Now several top officials were targeted, including Pete Hegseth, Trumps choice for Defense secretary. He said Wednesday night his Tennessee home was the target of a pipe bomb threat. Others include John Ratcliffe, who was tapped to lead the CIA, Elise Stefanik selected for U.N. ambassador, and Lee Zeldin chosen to lead the Environmental Protection Agency.

Now the FBI has said it takes all potential threats seriously. But one law enforcement official who's familiar with these incidents and investigations told CNN these types of swatting calls are quite common and often target those people who are in the news at any given time.

Now President Biden was briefed on these threats. A White House spokesman said the president and the administration condemns all threats of political violence. It's unclear if all these incidents were linked and how credible these threats actually were. But the timing suggests some type of coordination heading into the Thanksgiving holiday. Jeff Zeleny, CNN, Washington.

(END VIDEOTAPE)

COREN: Well, joining us now CNN chief law enforcement and intelligence analyst, John Miller.

John, as always, great to see you. Tell us what more do you know about these threats, how credible are they, and who have they targeted?

[00:15:02]

JOHN MILLER, CNN CHIEF LAW ENFORCEMENT AND INTELLIGENCE ANALYST: Well, they've targeted just about everybody who has been mentioned as a key important nominee to the Trump cabinet. But they are not particularly credible. These threats, which came all at once said there are pipe bombs. There, you know, guns. There are things, some of them were bomb threats.

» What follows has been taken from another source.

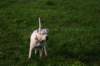 millo_49_small.jpg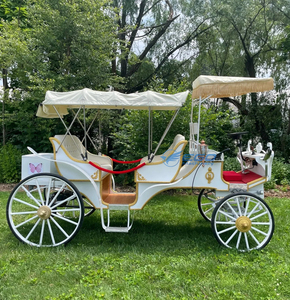 Calèche de Mariage Rétro Style Européen, Voiture Panoramique Ouverte pour 6 Passagers, Calèche Touristique à Chevaux à Vendre - Product Image 3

Some of them were what we call swatting calls which are carefully constructed to make the police come with a SWAT team, thinking that there are armed people present which can be very dangerous, especially since police don't know when they're going that it's a fake call. But it's a pattern of threats that came together, either from one person, one group of people, or maybe some who saw the threat and decided to copy it.

But I think the key is to keep the threats in perspective. They have a specific purpose. The purposes are to cause alarm and to cause disruption and to make problems and trouble in the lives of these public officials and those who are about to become public officials.

COREN: I mean, this is clearly all under investigation, but any idea as to who made these threats?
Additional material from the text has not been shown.